M.Des. XR Design · IIT Jodhpur · April 2026

Proximity-Based
Presence

Procedural environments that respond to user proximity, gaze, and movement. They sustain engagement more effectively than static, high-fidelity alternatives without exceeding standalone VR hardware limits.

RoleSolo Researcher

ScopeM.Des. Research

PlatformStandalone VR

Year2026

Session Duration+35%RC mean 8.4 min vs. SC mean 6.2 min

Interaction Events+77%RC mean 15.75 triggers vs. SC mean 8.88

Re-visits3.75×Voluntary return visits per session in reactive condition

The Problem

The Immersion Gap in Standalone VR

Standalone VR has become affordable, but that accessibility hasn't resolved a fundamental problem. Users report shorter sessions, more cognitive friction, and “headset awareness” far more frequently than in PC-based environments.

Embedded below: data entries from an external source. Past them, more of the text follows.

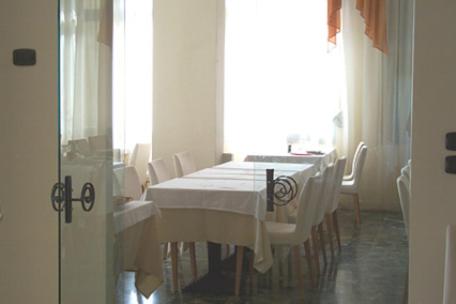 a dining room with a white table and chairs at Hotel Europa in San Bartolomeo al Mare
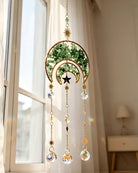 A gold crescent moon and star suncatcher with green leaves and hanging clear crystal prisms, hanging in front of a window in a softly lit room.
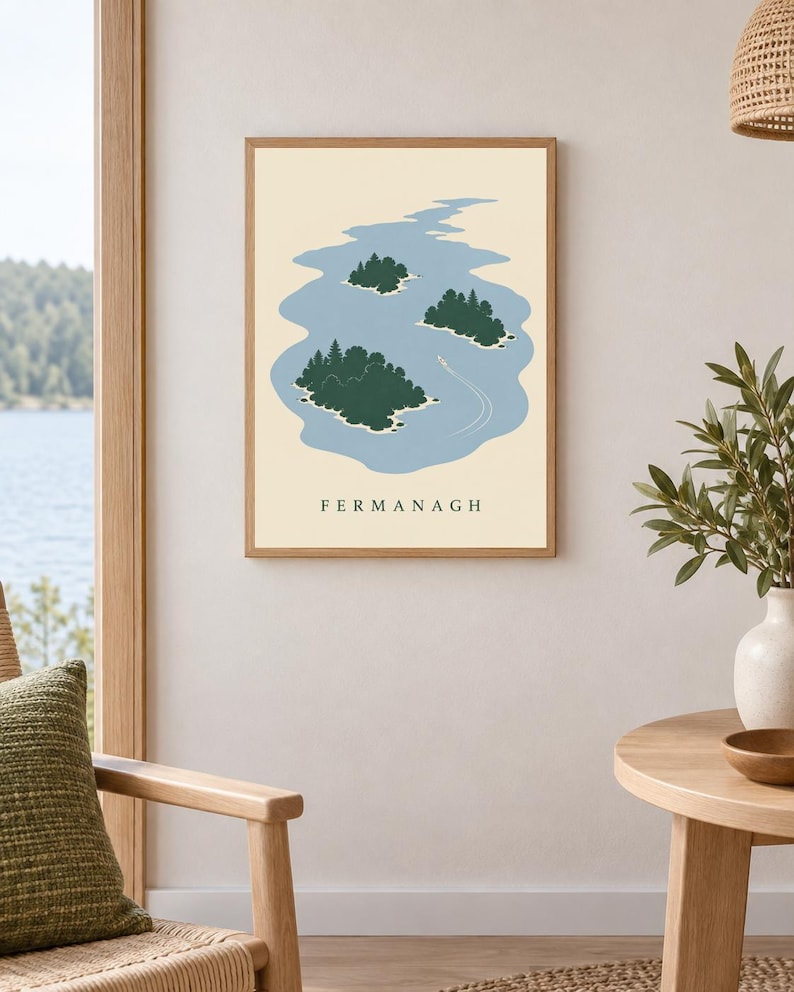 May include: A framed wall art print featuring a stylized illustration of a blue lake with three dark green islands and a small white boat leaving a wake. The text FERMANAGH is printed in black capital letters at the bottom of the cream background.
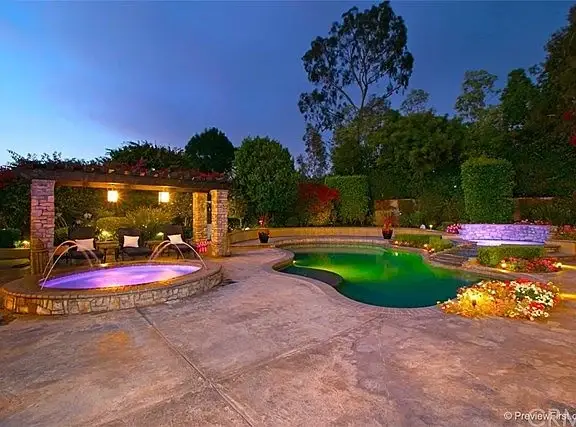 Backyard of house California real estate with pool, hot tub, plants, and flowers.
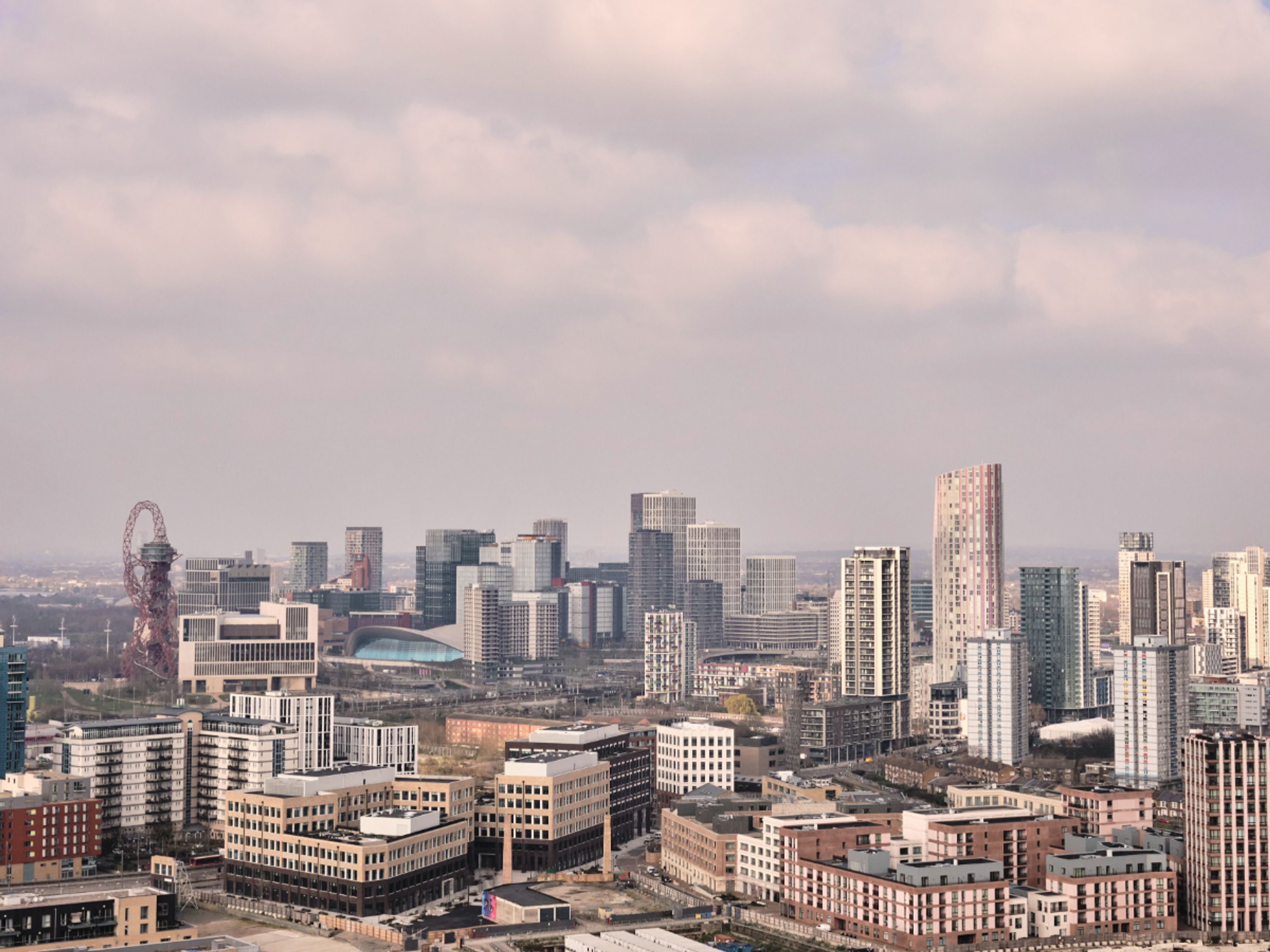 Eine Stadtansicht mit modernen Hochhäusern, einem markanten Riesenrad und einem großen Stadion.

A standalone headset must drive two independent stereo displays simultaneously at 72–120 FPS within a combined 220° field of view, all from a mobile chip with strict power and thermal limits.

Hardware Architecture — PC vs. Standalone Headset

“Low-fidelity PC games like Minecraft and Roblox consistently outperform high-fidelity standalone VR in session duration. If graphical power determined immersion, this would be impossible.”

Research premise, informed by Jin (2024) and Slater & Wilbur (1997)

Reference: Silent Hill

Engagement via atmosphere, not graphical fidelity.

Reference: Minecraft

World-record engagement on minimum graphical budget.

220°Combined horizontal FoV: every animation loop exposed simultaneously

72+FPS required per eye. Drop below this and motion sickness begins

~7%Rendering budget remaining after baked GI: headroom for reactivity

40 yrsOf 2D screen animation paradigms inherited by VR without questioning fit

The Inherited Paradigm

Why 2D Animation Logic Fails in VR

Standalone VR inherited its animation approach from 40 years of 2D screen game development: keyframed loops, repeating cycles, fixed timelines. On a monitor, cameras cut and shift before the patterns become obvious. In VR, there's no controlled camera. Everything is always visible.

Fig. 1.1: Field of View Comparison, 2D Camera vs. VR User · VR's expanded peripheral FoV (~220°) exposes keyframed loops that 2D cameras hide

Key Insights

What the Problem Analysis Revealed

The Hardware Constraint Is Real, But Misattributed

Standalone headsets are genuinely constrained: two stereo displays at 72–120 FPS from a mobile chip doesn't leave much room to work with. But the response from developers has mostly been to push for more graphics power, which isn't the right fix. Low-fidelity games like Minecraft consistently beat high-fidelity standalone VR in session length. The constraint is being framed wrong.

Inherited Animation Paradigms Break in 360° Environments

Keyframed animation loops work on 2D screens because camera cuts and framing keep them hidden. VR's ~220° field of view removes that cover. The same loop that's invisible on a monitor becomes a noticeable, presence-breaking artefact in VR. That's a design problem, not a hardware problem.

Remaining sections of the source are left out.